Farmers to fight 'unjustified and unfair' proposed environmental permit charge increases

Farming industry urges Environment Agency to reconsider proposed permit charges
Farming industry urges Environment Agency to reconsider proposed permit charges

Farming organisations have joined forces to urge the Environment Agency to rethink proposed levels of environmental permit charge increases for the intensive pig and poultry sectors.

The NFU, National Pig Association (NPA), British Poultry Council (BPC) and British Egg Industry Council (BEIC) are warning that a doubling of application fees and a significant uplift in variation fees would cause huge concern for pig and poultry farmers.

It comes at a time when businesses are already making significant investments in order to improve competitiveness.

The Environment Agency consultation on its Strategic Review of Charges states that; permit variation fees will increase from £380 to between approximately £2,400 and £7,000 depending upon the degree of variation. In addition new application fees could rise from £3,750 to around £8,000.

In a letter to the Chief Executive of the Environment Agency, Sir James Bevan, the four farming organisations say the significant unbudgeted costs will discourage farm businesses from adopting new technologies, curbing plans for modernisation and investing in improved environmental practices.

'Very serious concerns'

NFU poultry board chairman Duncan Priestner said the changes raise "very serious concerns" for the industry. He said the Environment Agency must reconsider.

“Farm businesses are incredibly innovative and are often early adopters of new technology – this sharp increase in costs levelled on businesses by the Environment Agency could seriously curtail these advancements,” Mr Priestner said.

“Many businesses are currently suffering from a lack of certainty regarding the future environment we will work in after Brexit and many are already making cost changes to improve their efficiency and competitiveness on farm.

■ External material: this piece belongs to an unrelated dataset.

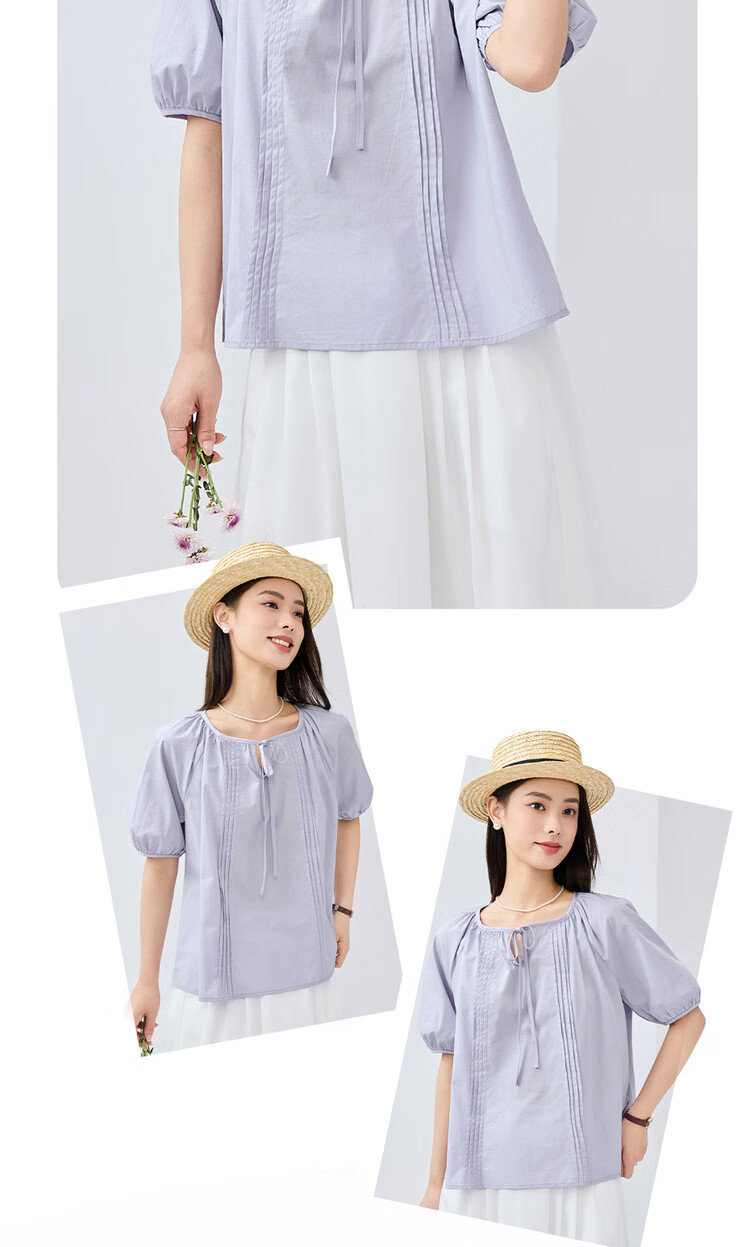 Giordano Women's Short-Sleeve Shirt, Pure Cotton, Brocade, Tie-Up Collar, Pleated, Raglan Sleeve, French Style, Elegant Blouse, 13345305 17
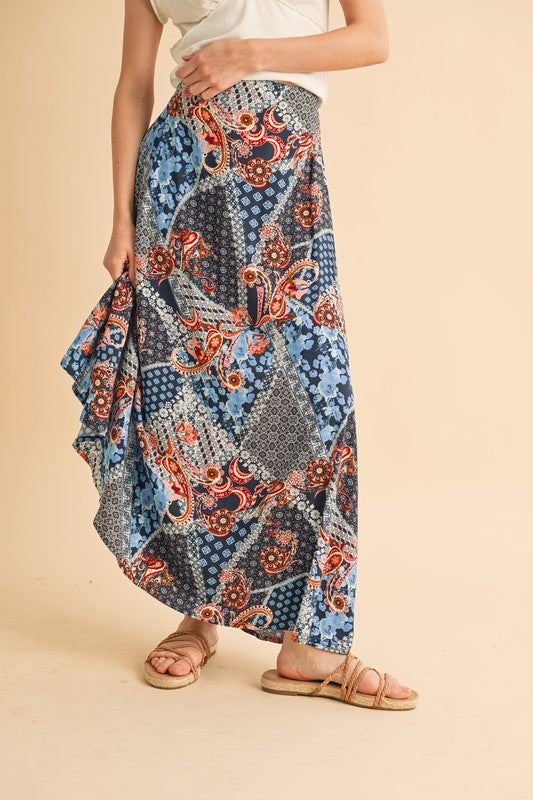 Aemi + Co Flowy Boho Patchwork Print Maxi Skirt Maxi Skirts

“These proposed changes could see many pig and poultry businesses take a step back from innovating to ensure they can deal with inflated administrative costs.

“In return for additional cost we are receiving nothing extra in return. This money would be far better spent invested in the business for the benefit of the environment. The proposed fee increases are inequitable and unjustified – a view that we will be conveying strongly to the Environment Agency.”

'Unnecessary damage'

The NPA has called the changes "unjustified and unfair", and said it will cause "unnecessary damage" to pig farmers who have "done nothing to deserve this".

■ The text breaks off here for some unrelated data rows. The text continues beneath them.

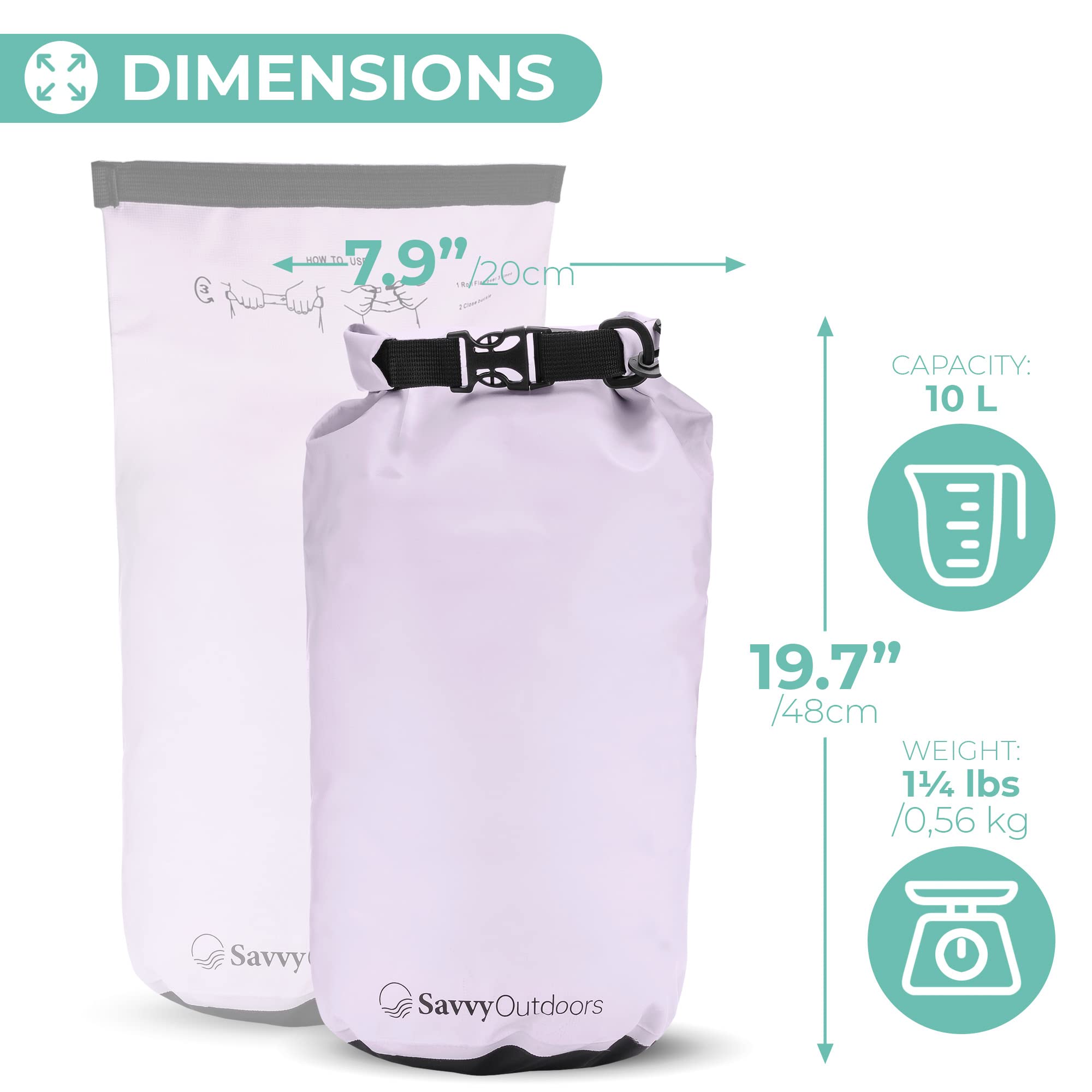 Waterproof Dry Bag 5L 10L 20L 30L - Waterproof Storage for Beach, Kayaking, Hiking, Camping & Boating Gear - Keep Food & Essentials Dry - Ideal for Outdoor Adventures, Water Sports & Travel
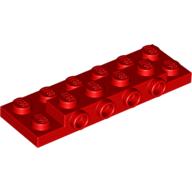 Plate Special 2 × 6 × 2/3 with 4 Studs on Side, 1 Support Wall on Bottom Red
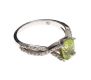 9CT WHITE GOLD PERIDOT AND DIAMOND RING at Ross's Online Art Auctions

NPA Chief Executive Zoe Davies said the pig sector has "invested heavily" over the years to address the concerns covered by environmental permits, making it easier for the Environment Agency to do its job.

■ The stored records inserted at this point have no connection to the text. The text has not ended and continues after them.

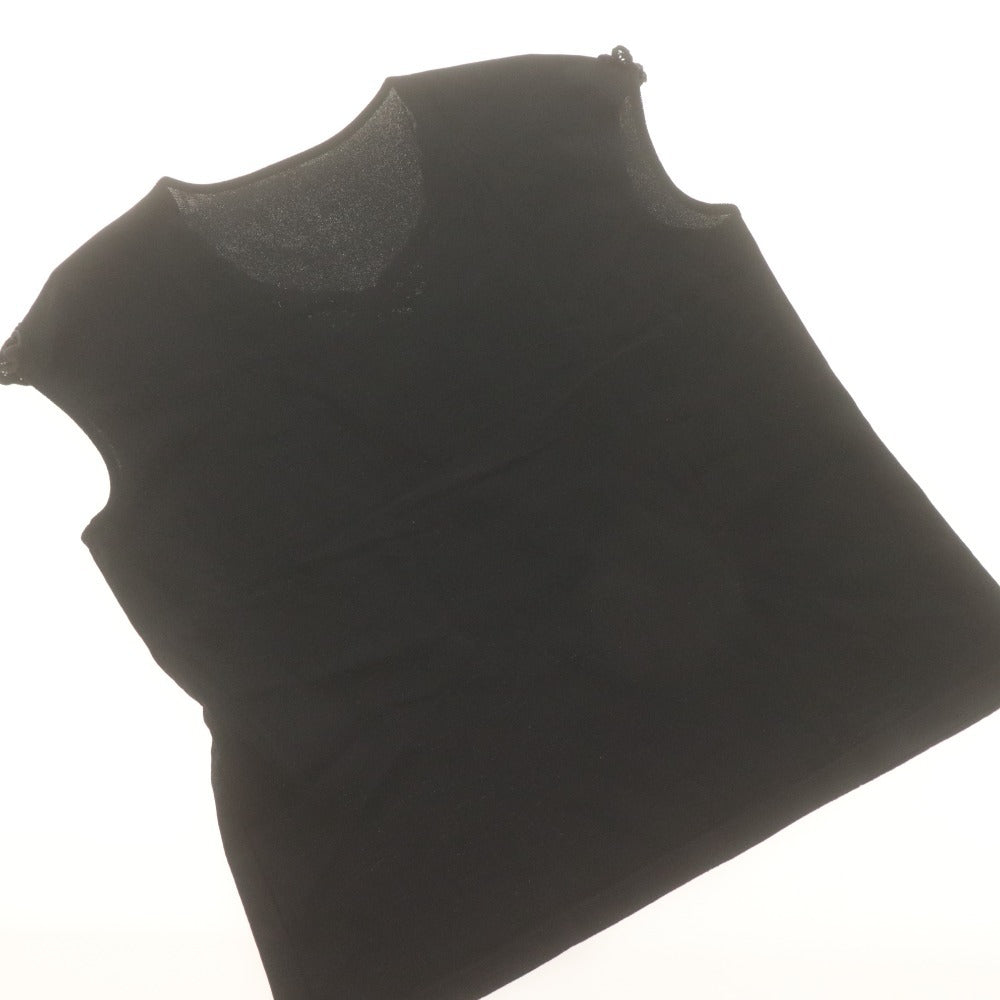 ■ Leilian Cut-and-Sewn French Sleeve Top, Made in Japan, Lace, Women's Size 11 (Equivalent to L), Black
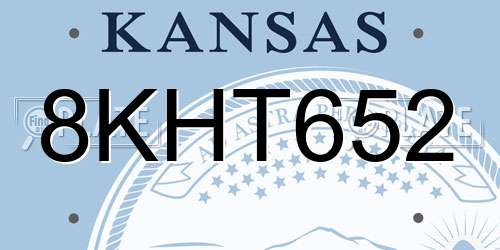 8KHT652 Kansas License Plate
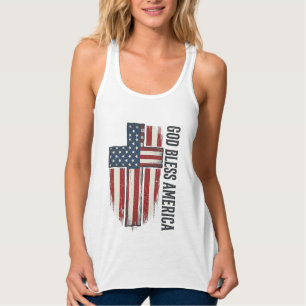 Gott segne Amerika Vintage patriotisches Kreuz Des Tank Top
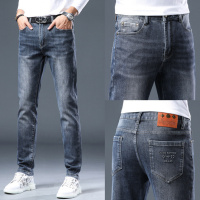 秋季欧洲站轻奢潮牌牛仔裤弹力修身小直筒裤潮流百搭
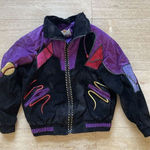 Vintage Mesa Ridge Jacket Abstract Artist Leather Suede Black Purple Full‎ Zip S Size 4 Photo 0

"That this is how we are repaid is utterly unacceptable and we are asking in the strongest terms for the Environment Agency to think again," Ms Davies explained.

"We are not satisfied with the reasons provided to justify the charges and believe that there is a lot more the Environment Agency could do internally to improve its processes and reduce its own costs, rather than passing its inefficiencies onto the pig sector.

"If these charge increases go ahead, it will not only hamper pig farmers, who have come under huge financial pressure over the years, to invest in meeting challenges like environmental pollution, but will erode confidence in the Environment Agency, itself."

'Strong track record'

Chief Executive of the British Poultry Council Richard Griffiths said respecting the environment is a "fundamental" part of British poultry meat production, and farmers have a strong track record of acting responsibly.

He said farmers often work alongside regulators to prevent pollution incidents, responding to them, tackling the root cause of the problem and promoting good practice.

“We are calling on the Environment Agency to acknowledge our contribution to food production that respects the environment and reconsider the proposed changes to the environmental permit charge,” Mr Griffiths said.

Mark Williams, Chief Executive of the BEIC, added: “The proposals will hinder future innovation in food production and environmental technologies in the egg industry. We recognise and take seriously our duty to protect the environment as our track record demonstrates.

“We achieve this whilst producing a highly nutritious and affordable food for UK consumers. These extraordinary increases in charges will compromise this.”